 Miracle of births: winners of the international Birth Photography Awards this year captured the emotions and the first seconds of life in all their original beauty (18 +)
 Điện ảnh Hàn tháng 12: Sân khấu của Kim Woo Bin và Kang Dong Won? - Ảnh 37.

* * *

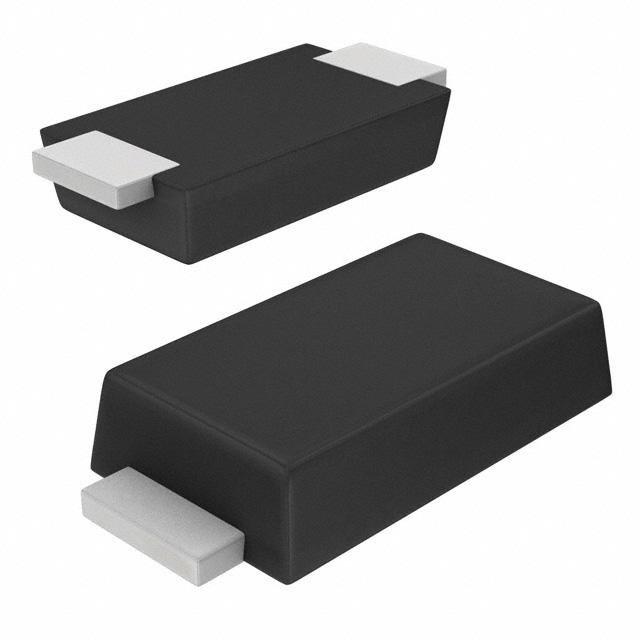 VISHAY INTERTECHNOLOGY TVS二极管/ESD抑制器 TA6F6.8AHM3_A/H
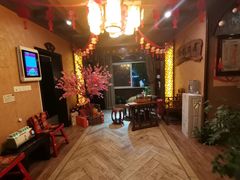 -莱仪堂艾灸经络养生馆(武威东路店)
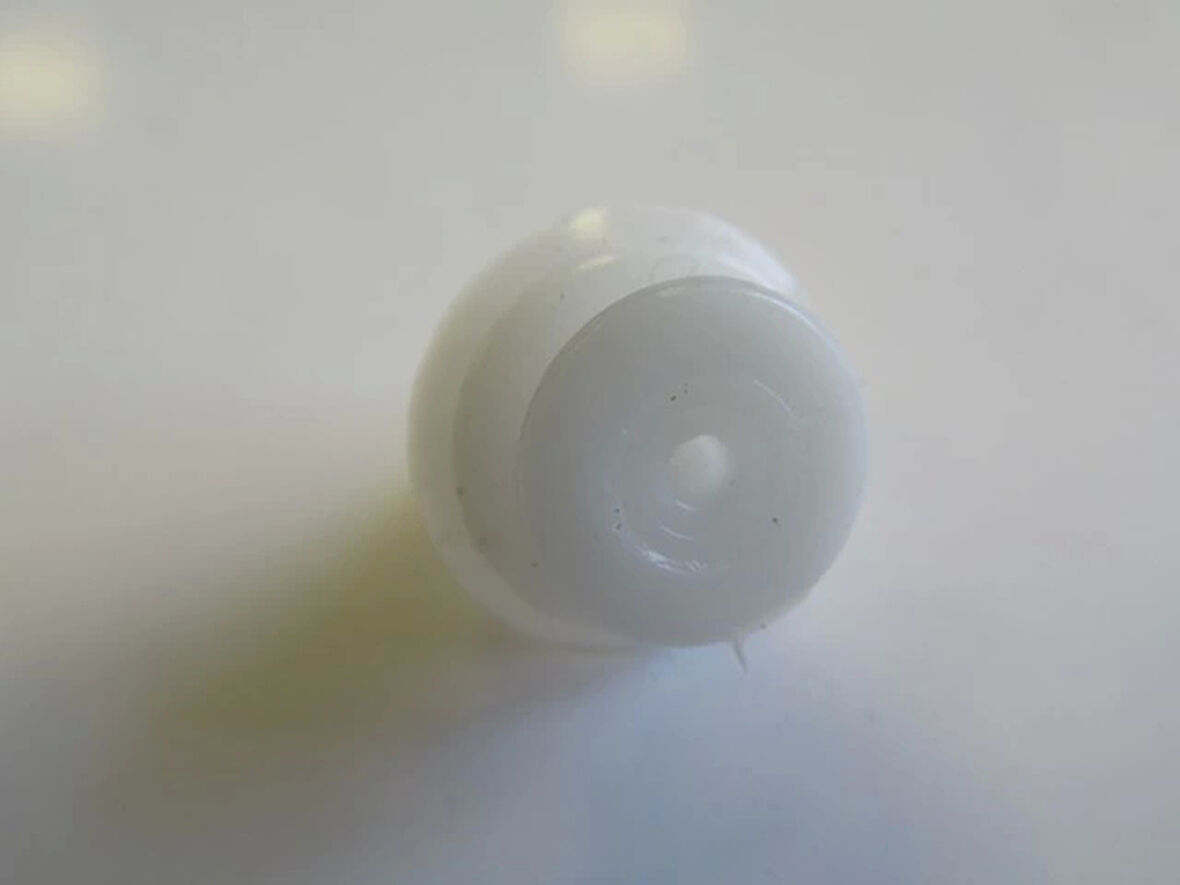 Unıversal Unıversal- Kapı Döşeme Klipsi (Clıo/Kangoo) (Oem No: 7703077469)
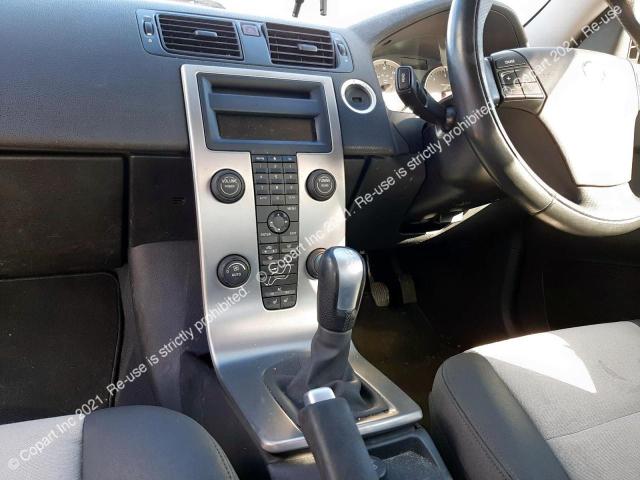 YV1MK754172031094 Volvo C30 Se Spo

...

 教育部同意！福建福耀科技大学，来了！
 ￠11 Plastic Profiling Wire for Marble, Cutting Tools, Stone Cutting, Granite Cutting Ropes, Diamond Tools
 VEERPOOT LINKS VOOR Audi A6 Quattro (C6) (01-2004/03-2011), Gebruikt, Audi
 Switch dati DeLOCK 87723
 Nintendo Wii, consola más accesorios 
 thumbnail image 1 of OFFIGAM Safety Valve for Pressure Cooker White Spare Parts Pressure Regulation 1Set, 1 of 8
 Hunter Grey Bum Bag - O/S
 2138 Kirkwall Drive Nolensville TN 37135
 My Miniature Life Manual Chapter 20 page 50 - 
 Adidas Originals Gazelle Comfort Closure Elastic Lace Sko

REQUIRED WORK - All lines above from the line with "Nintendo Wii, consola más accesorios" through the line with "Adidas Originals Gazelle", both included, are to be set down exactly, with nothing else.

SOLVED EXERCISE -
 Nintendo Wii, consola más accesorios 
 thumbnail image 1 of OFFIGAM Safety Valve for Pressure Cooker White Spare Parts Pressure Regulation 1Set, 1 of 8
 Hunter Grey Bum Bag - O/S
 2138 Kirkwall Drive Nolensville TN 37135
 My Miniature Life Manual Chapter 20 page 50 - 
 Adidas Originals Gazelle Comfort Closure Elastic Lace Sko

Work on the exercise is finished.